On May 25, TKPOA began trials of EPA-approved herbicides, in conjunction with UVC light treatment, and The League to Save Lake Tahoe initiated the laminar flow aeration program, a process to aerate the lagoon bottom sediments with small bubbles to reduce plant growth in designated test areas.
TRPA simultaneously launched independent rigorous monitoring for the project to collect data on the efficacy of treatments, water quality, and overall data on how the natural environment responds to the various treatments.
“TKPOA and the Control Methods Test team are committed to following the permit conditions and stringent guidelines of the thorough and intensely monitored program,” said Anderson.
The herbicides levels degraded by over 99% within four to six weeks to about five to six parts per billion, with the last half-percent to reach one ppb now realized.

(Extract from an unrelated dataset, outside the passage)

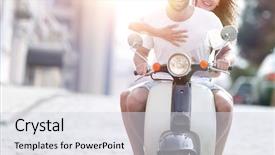  Presentation with young happy couple - Presentation theme with city on a sunny day background and a sky blue colored foreground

“It’s also important to note that the CMT permit-driven herbicide threshold to allow curtain removal is 400 times lower than EPA-stated safe ‘receiving water limits’ established for other lake systems throughout the U.S.,” he added. “To grasp the ‘scale’ of one part per billion, it is equivalent to one inch in 16,000 miles; or three seconds in a century; or a penny in $10 million; or about an inch and half compared to the circumference of the earth. The data that is being collected will allow us to determine long-term solutions for not only the Tahoe Keys lagoons but Lake Tahoe. We certainly appreciate the understanding and patience of the homeowners and public.”
“Preliminary hydroacoustic scans and imagery of the weeds are encouraging,” said Pete Wolcott, Chair of the TKPOA Water Quality Committee. “We have tens of thousands of data points this year alone, and we will be looking closely at this data to assess the first-year results of the test.”
A status report on initial testing efforts will be released this fall with the preliminary results at http://www.tahoekeysweeds.org. No additional herbicide application or boating restrictions will occur with the project, but extensive monitoring will continue alongside non-chemical methods for the next two years. The results of the three-year test will inform long-term management plans for the Tahoe Keys and for addressing aquatic invasive weeds in Lake Tahoe.
In an unrelated circumstance, algae and harmful algal blooms have been noted this summer throughout California’s aquatic eco-systems, including beaches around Lake Tahoe and in the Tahoe Keys due in part to the low lake levels. While no area at the lake is currently considered in a danger zone, caution is suggested. Inside the Keys during the test period, algae growth continues to be extensively monitored, and to date, “warning level” HABs have only been observed outside the Tahoe Keys CMT Project test areas.